Exercise brief: Pictures aside, write out the data exactly as it reads.

Data provided:
▼

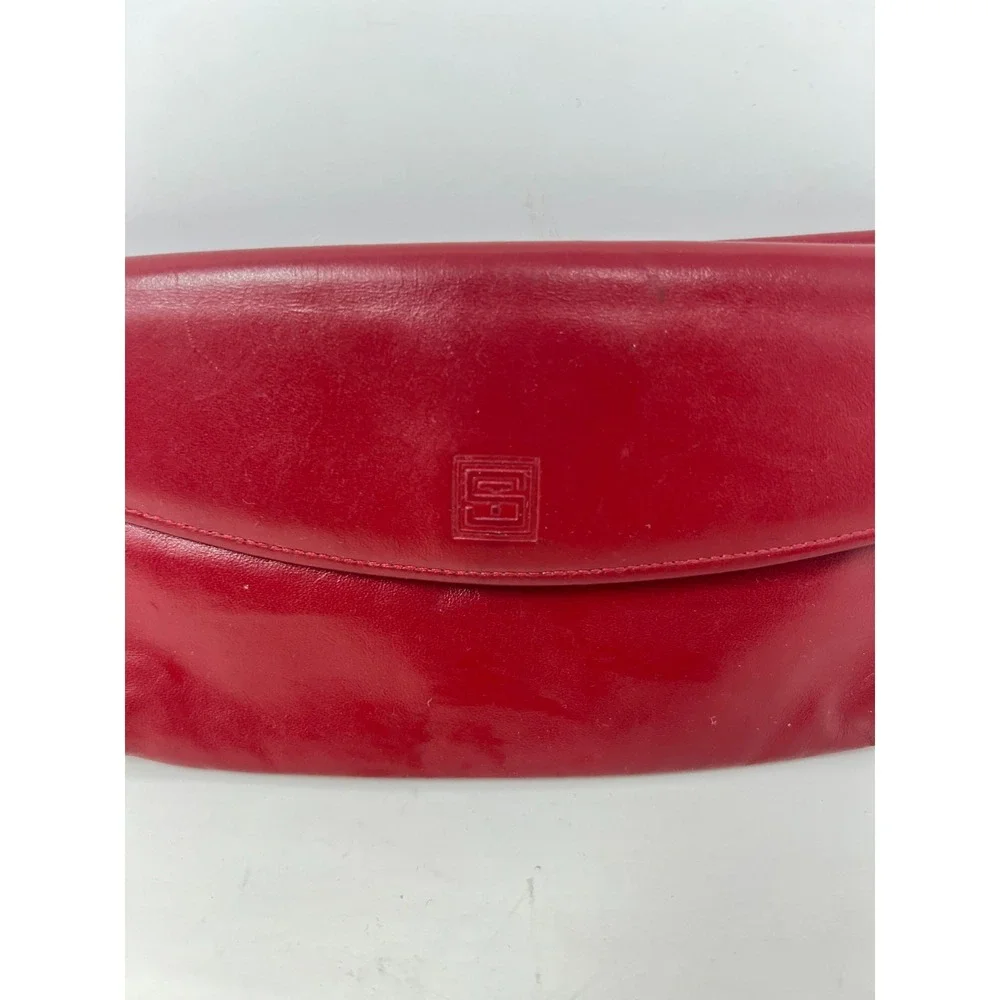 Vintage St Thomas Red Leather Cowhide Clutch Purse Wallet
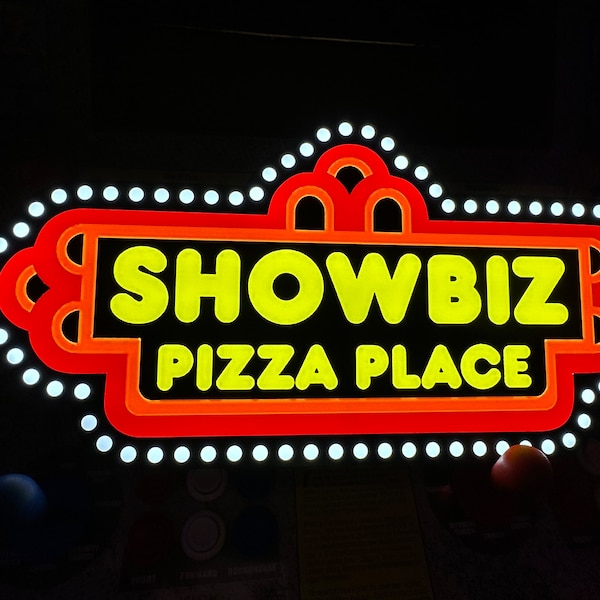 Showbiz Pizza RETRO Circa 1982 Marquee Led Sign Reproduction Prop Vintage Home Arcade LED Man Cave Limited Edition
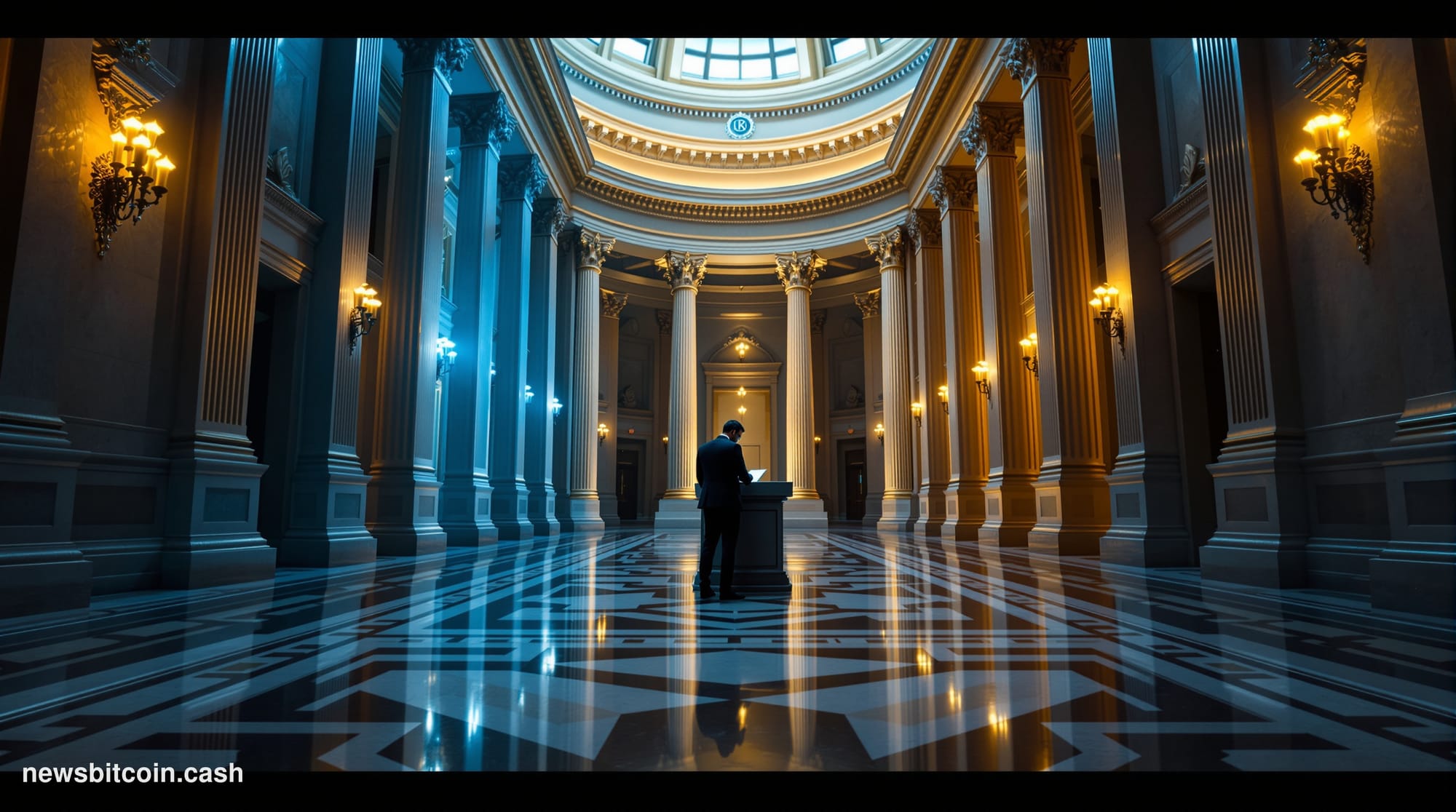 A cinematic photorealistic editorial photograph shot inside a grand Washington D.C. federal building corridor, with two oppos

▲

Result of the exercise:
 Vintage St Thomas Red Leather Cowhide Clutch Purse Wallet
 Showbiz Pizza RETRO Circa 1982 Marquee Led Sign Reproduction Prop Vintage Home Arcade LED Man Cave Limited Edition
 A cinematic photorealistic editorial photograph shot inside a grand Washington D.C. federal building corridor, with two oppos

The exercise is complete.